# Clustering algorithms

**Contents**

Clustering is a unsupervised Machine Learning algorithm that groups a set of objects in such a way that objects in the same group (called a cluster) are more similar (in some sense) to each other than to those in other groups (clusters). [Suggested introductory reading]. Here, I shall talk about three of them namely EM clustering, k-means and hierarchical clustering.

### EM clustering

We have \(N\) data samples (unlabelled) \(D= \{ x_1,x_2,\dots,x_N \}\) spanning \(c\) classes \(w_1,w_2,\dots,w_c\). In order to simplify our analysis let’s assume \(c=3\) and \(N=500\). We can write the prior and likelihood as follows

Prior | Likelihood |
---|---|

\(P(w_1)\) | \(P(x/w_1) \sim \mathcal{N}(\mu_1,\sum_1)\) |

\(P(w_2)\) | \(P(x/w_2) \sim \mathcal{N}(\mu_2,\sum_2)\) |

\(P(w_3)\) | \(P(x/w_3) \sim \mathcal{N}(\mu_3,\sum_3)\) |

#### Gaussian Mixture Model (GMM)

The problem can be formulated as a GMM

\[P(x/\theta)=P(w_1)P(x/w_1)+P(w_2)P(x/w_2)+P(w_3)P(x/w_3)\]Given, the data points \(\{ x_1,x_2,\dots,x_N \}\) our goal is to find the parameter \(\theta\) (consists of \(\mu_i \text{, } \sum_i \text{ and } P(w_i)\)) using MLE (ML Estimation).

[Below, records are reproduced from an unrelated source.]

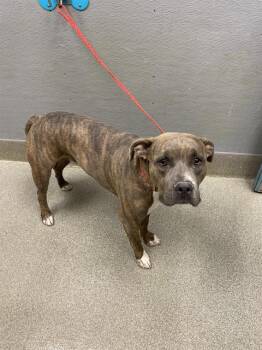 ROMAN -  Pit Bull Terrier Dog for Adoption in Las Vegas, Nevada - ROMAN | PetCurious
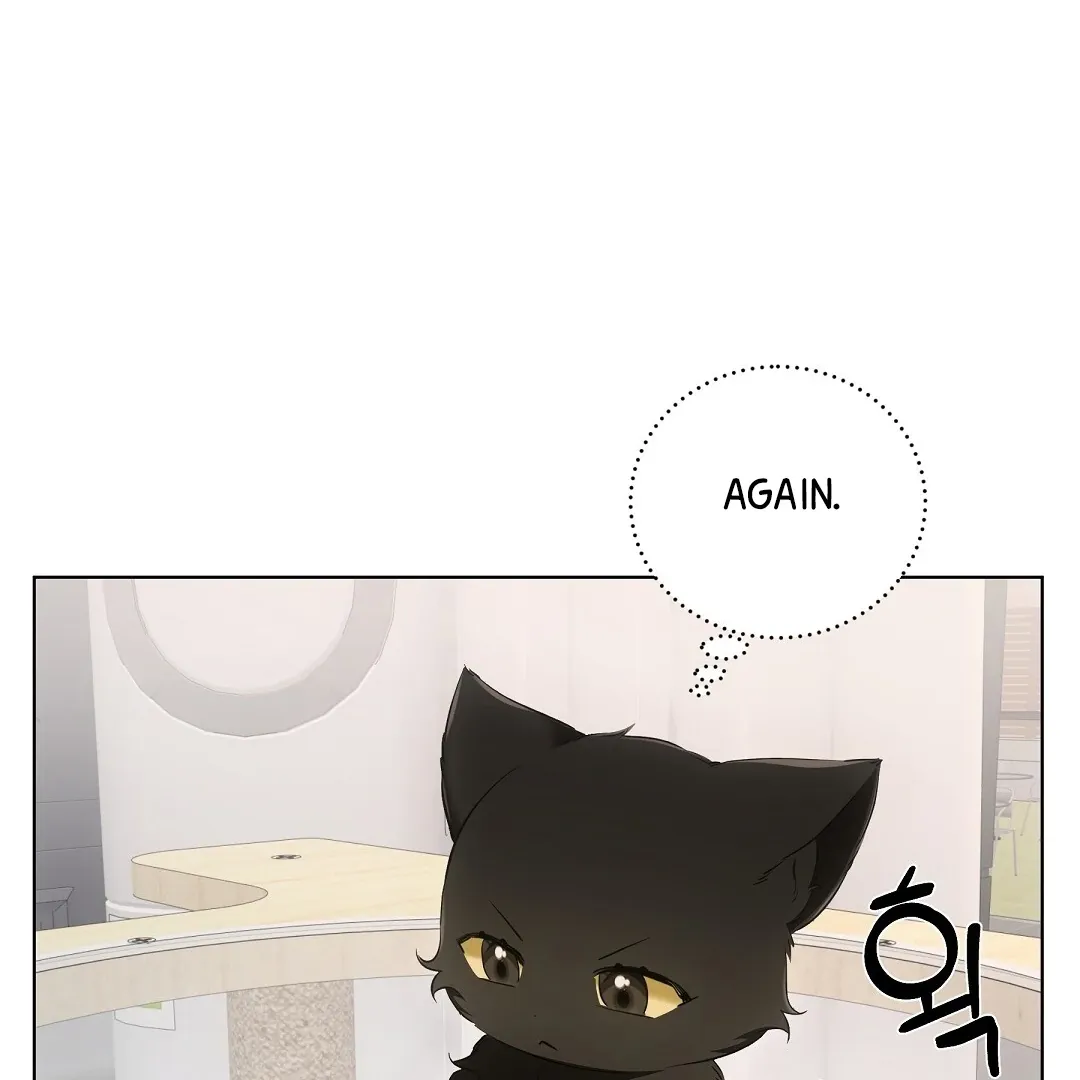 Cat Therapy Chapter 10 page 114 - 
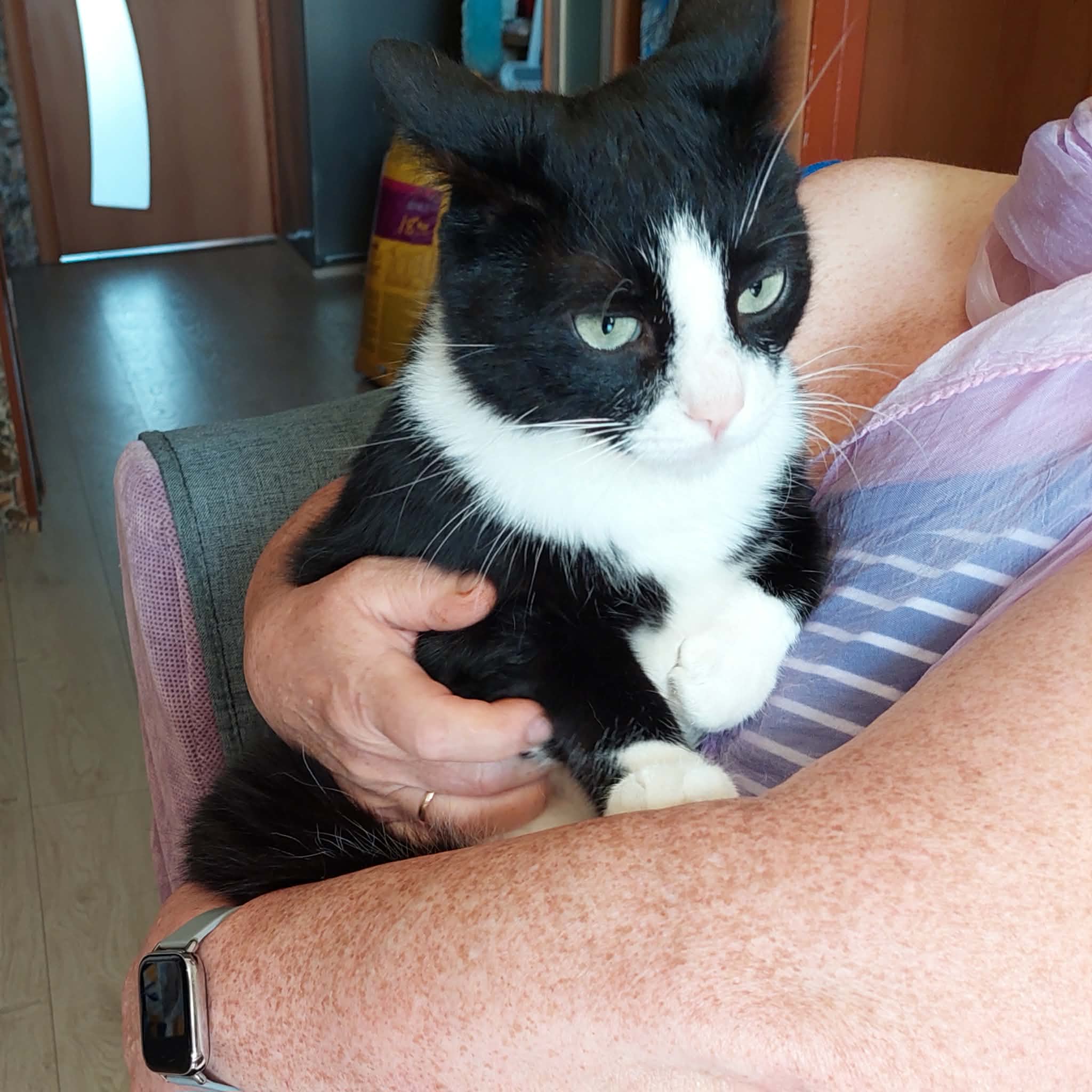 Someone is holding a black and white cat and the cat is not amused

#### Expectation maximization to solve GMM parameters

We can find the parameters using an iterative scheme. We can initialize \((\mu_i,\sum_i)\) with some random values and then iterate over the expectation and maximization steps until convergance is achieved.

**Expectation**

Assuing \((\mu_1,\sum_1)\) are available, we can perform Bayesian classification on \(\{ x_1,x_2,\dots,x_n \}\) using likelihood at some iteration as

\[x_k \in w_i \text{ iff } P(x_k/w_i)>P(x_k/w_j) \forall j \neq i\]**Maximization**

Given some \(x_k\), then what are \((\mu_i,\sum_i)\) that maximize for those \(x_k\) to have \(P(x_k/w_i) \sim \mathcal{N}(\mu_i,\sum_i)\)?

\[\{ x_1,x_2,\dots,x_n \} \in w_i\]Using MLE,

\(\mu_i = \frac{1}{N_i} \sum_k x_k \forall x_k \in w_i\) \(\sum_i = \frac{1}{N_i} \sum_k (x_k-\mu_i)(x_k-\mu_i)^T \forall x_k \in w_i\)

Thus, we have the updated values for $(\mu_i,\sum_i)$ and can now again perform expectation step in an iterative way untill convergance.

### k-means clustering

Let us assume identity covarience matrix i.e. $ | \sum | = 1 $, we can write \(P(x_k/w_i) = \frac{1}{(2\pi)^{d/2}} e^{ \frac{-1}{2} (x_k-\mu_i)^T (x_k-\mu_i)} = \frac{1}{(2\pi)^{d/2}} e^{ \frac{-1}{2} \| x_k-\mu_i \| ^2 }\)

Algorithm

- Descide the number of clusters, $c$
- Assume $\mu_i$ for classes $1:c$
- Expectation
- \(x_k \in\) if \(P(x_k/w_i)>P(x_k/w_j) \forall i \neq j\)
- if \(\| x_k-\mu_i \| ^2 \leq \| x_k-\mu_j \| ^2 \forall i \neq j, \text{ then } x_k \in w_i\)

- Maximization \(\mu_i = \frac{1}{N_i} \sum_k x_k \forall x_k \in w_i\)
- Repeat step 2 and 3 untill convergence, \(\| \mu_i^t-\mu_i^{t-1} \| ^2 \to \text{constant}\)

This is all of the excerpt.